Supplied information:
%%
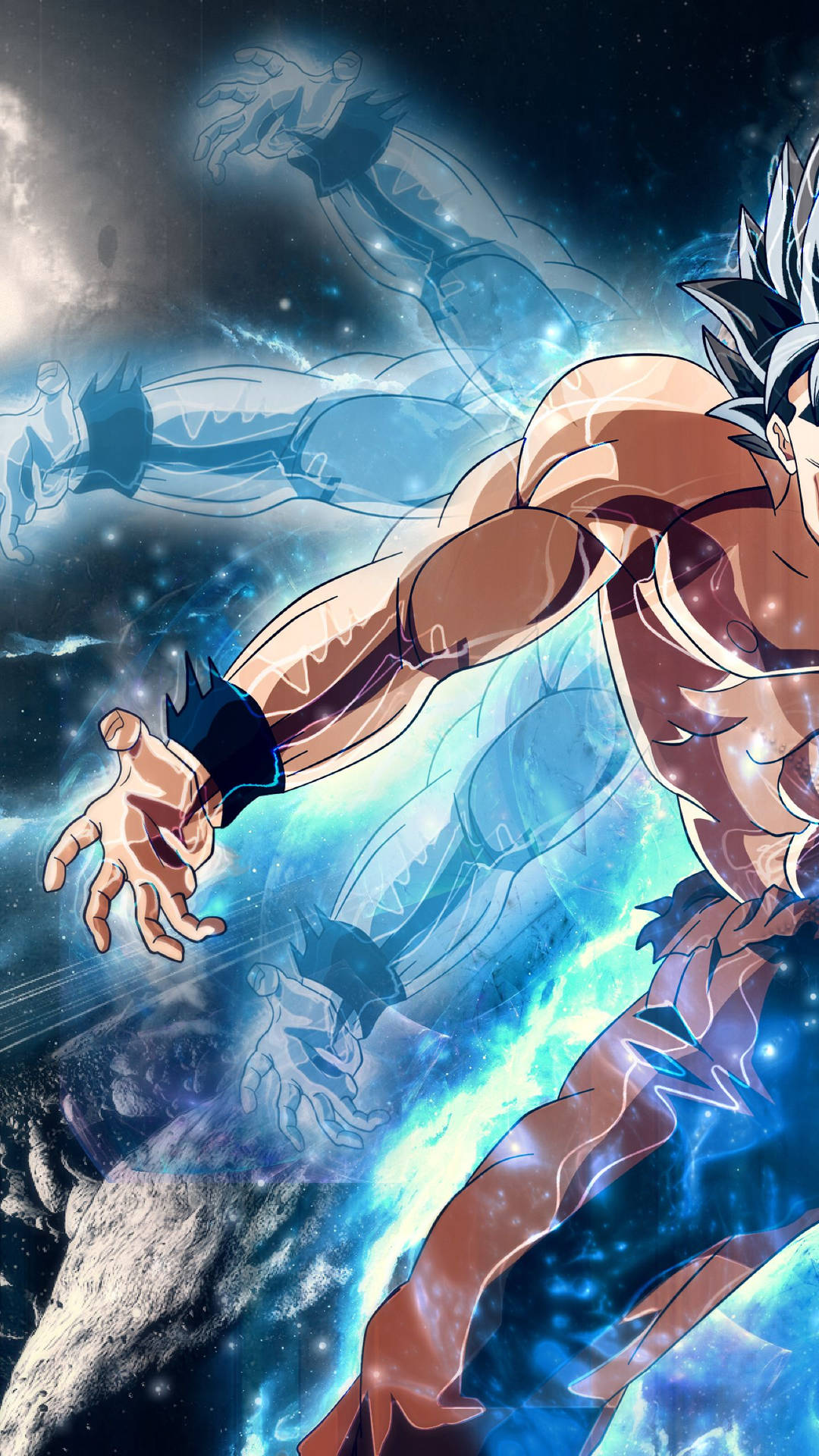 Goku unleashes his Super Saiyan power Wallpaper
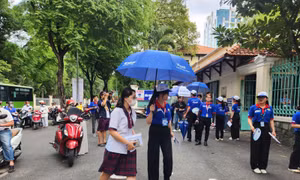 Kỳ thi tốt nghiệp THPT 2023: Thí sinh bắt đầu làm bài môn Toán 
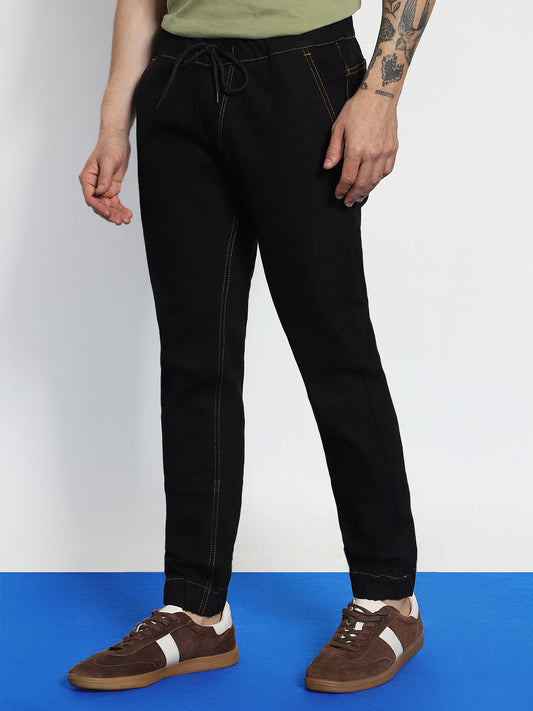 Men's Black Jogger Jeans Slim Fit Stretch
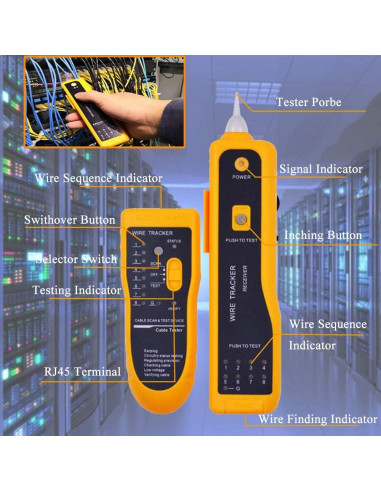 Juego de Crimpado RJ45 LEATBUY-TECH con Cortador y Pinzas
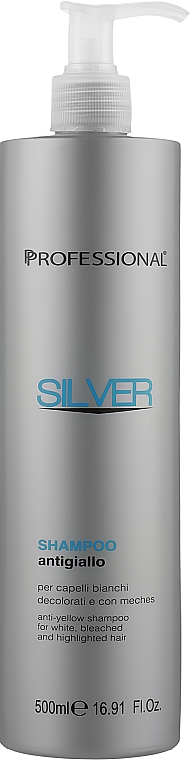 Shampoo gegen Gelbstich - Professional Silver Shampoo — Bild N1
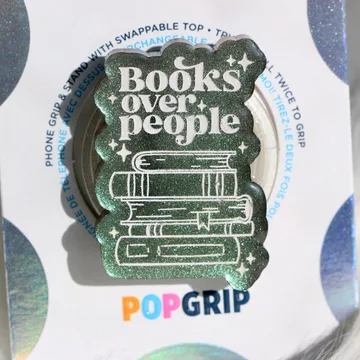 Bookish Green Brown Color Shift Kindle Book Lover Phone Grip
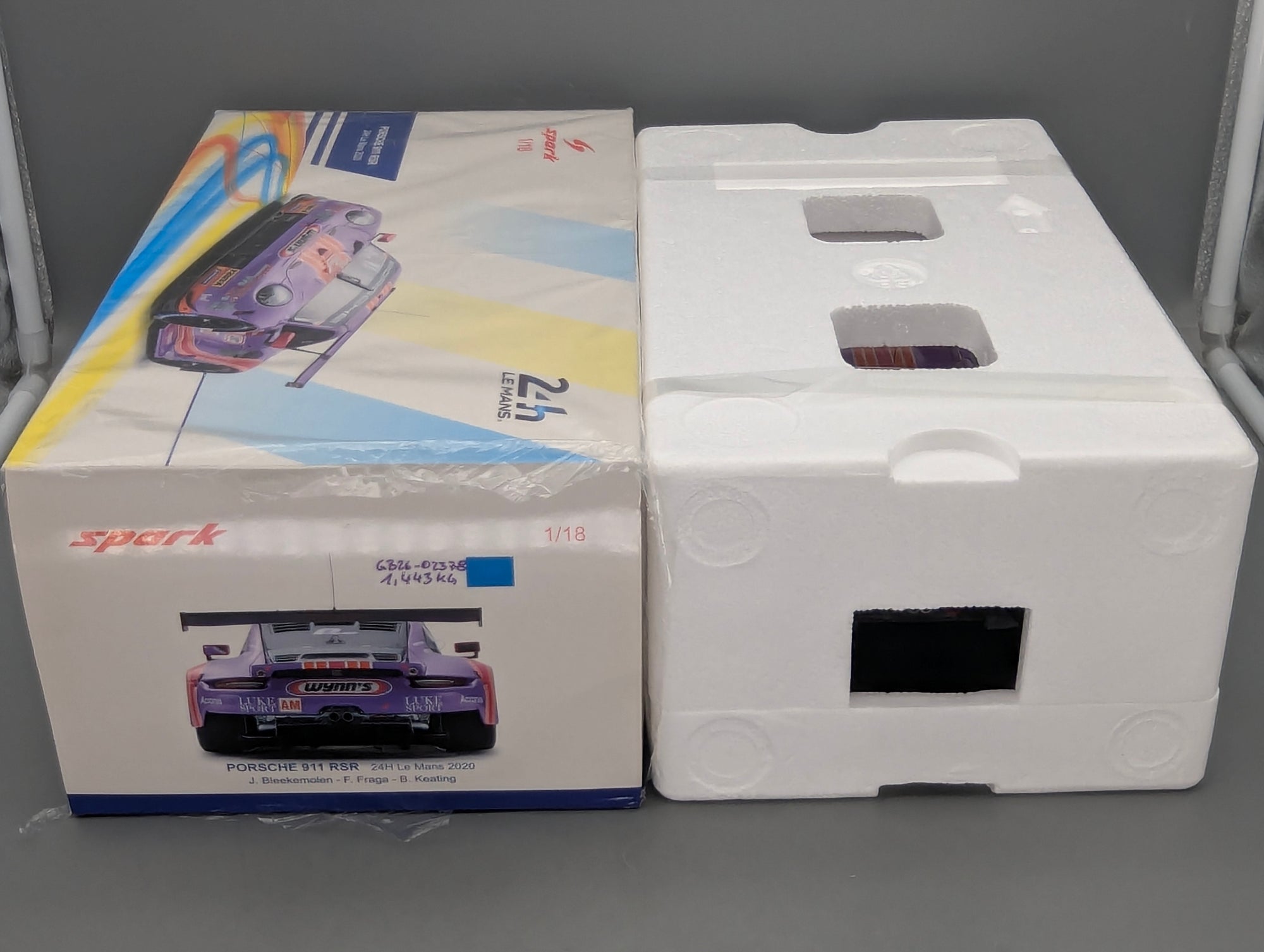 Model Cars 1:43 Minichamps Mercedes Benz SL65 AMG Black Series Silver with original packaging
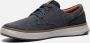 Skechers Moreno Ederson Sneakers Blauw Textiel Heren - Thumbnail 2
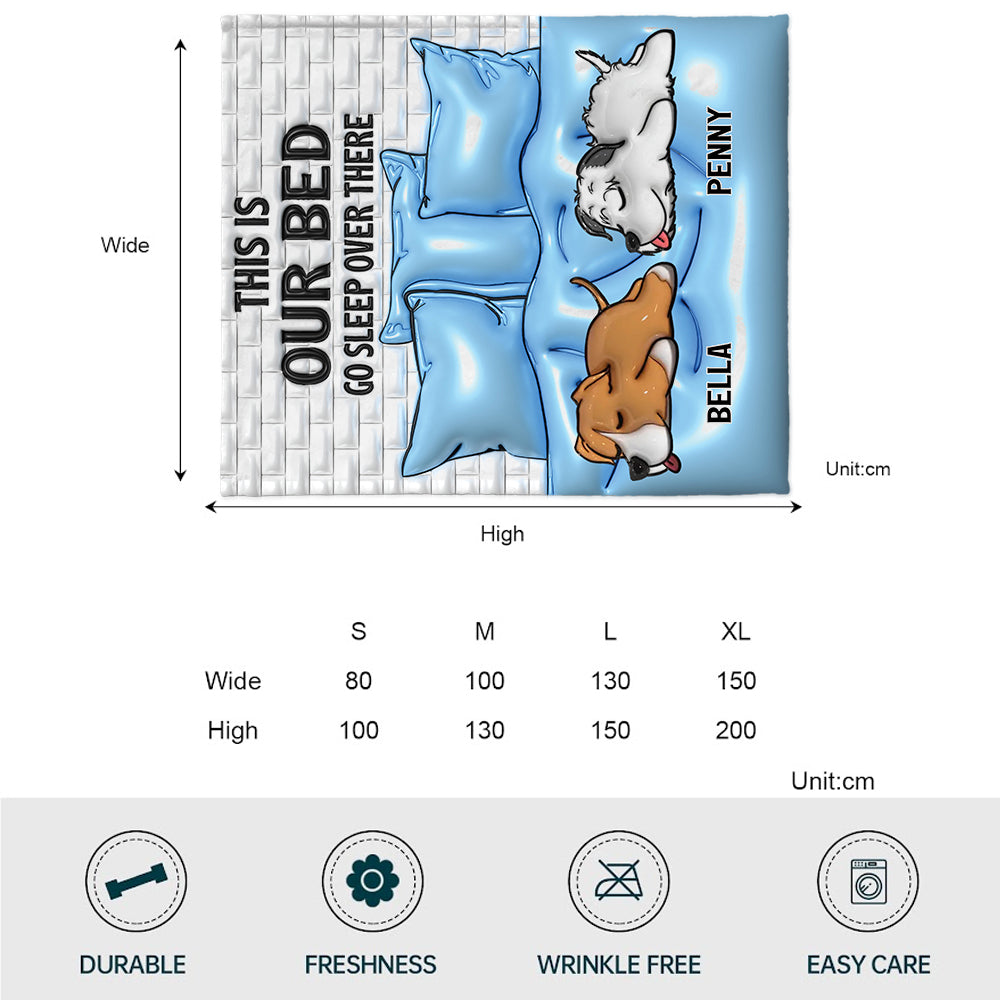 Das ist mein Bett – personalisierte Hundedecke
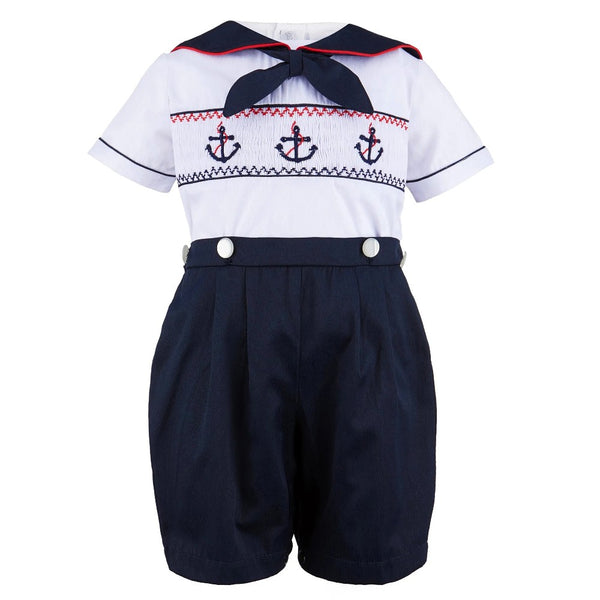 Smocked Sailing Bobbie Suit - Imagewear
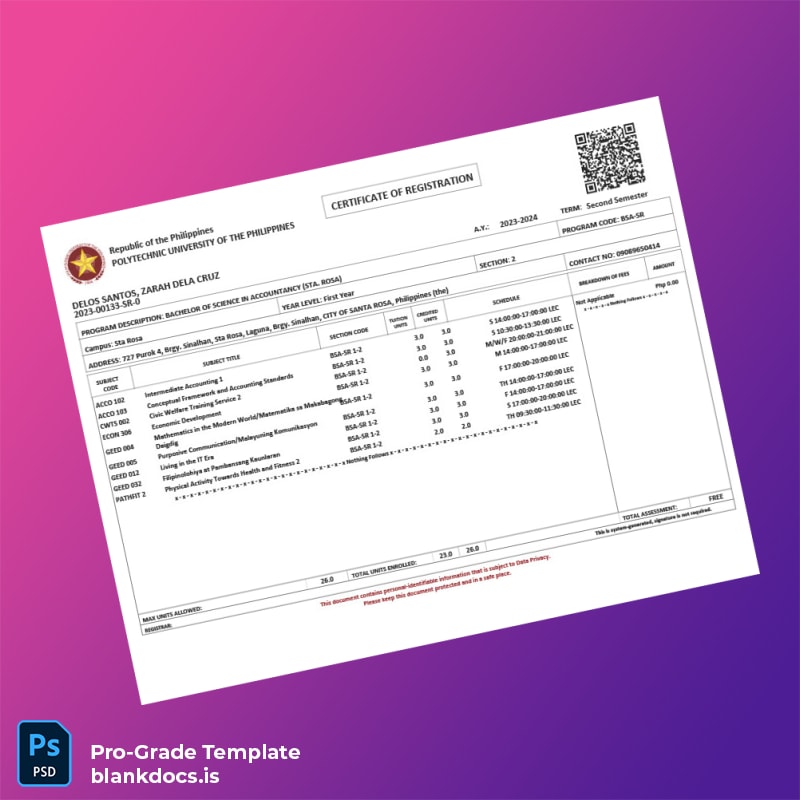 Blank Philippines Registration Authority Registration Certificate Template (Word/PDF) Document Preview - BlankDocs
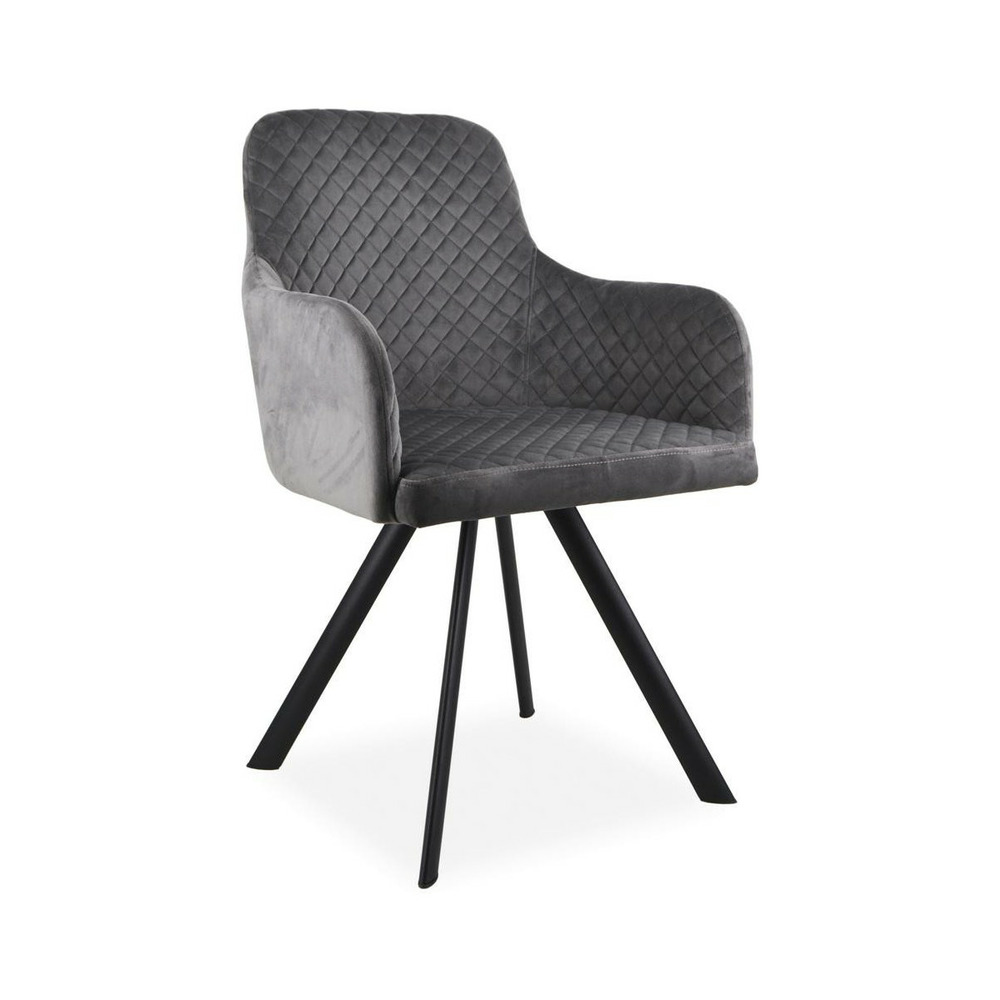 Fauteuil polyester gris - izenia décoration d'autrefois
%%
Exercise aim: Starting at the line that contains "Juego de Crimpado", write out every line through the end of the entries, both ends included, without any pictures.

Written solution:
 Juego de Crimpado RJ45 LEATBUY-TECH con Cortador y Pinzas
 Shampoo gegen Gelbstich - Professional Silver Shampoo — Bild N1
 Bookish Green Brown Color Shift Kindle Book Lover Phone Grip
 Model Cars 1:43 Minichamps Mercedes Benz SL65 AMG Black Series Silver with original packaging
 Skechers Moreno Ederson Sneakers Blauw Textiel Heren - Thumbnail 2
 Das ist mein Bett – personalisierte Hundedecke
 Smocked Sailing Bobbie Suit - Imagewear
 Blank Philippines Registration Authority Registration Certificate Template (Word/PDF) Document Preview - BlankDocs
 Fauteuil polyester gris - izenia décoration d'autrefois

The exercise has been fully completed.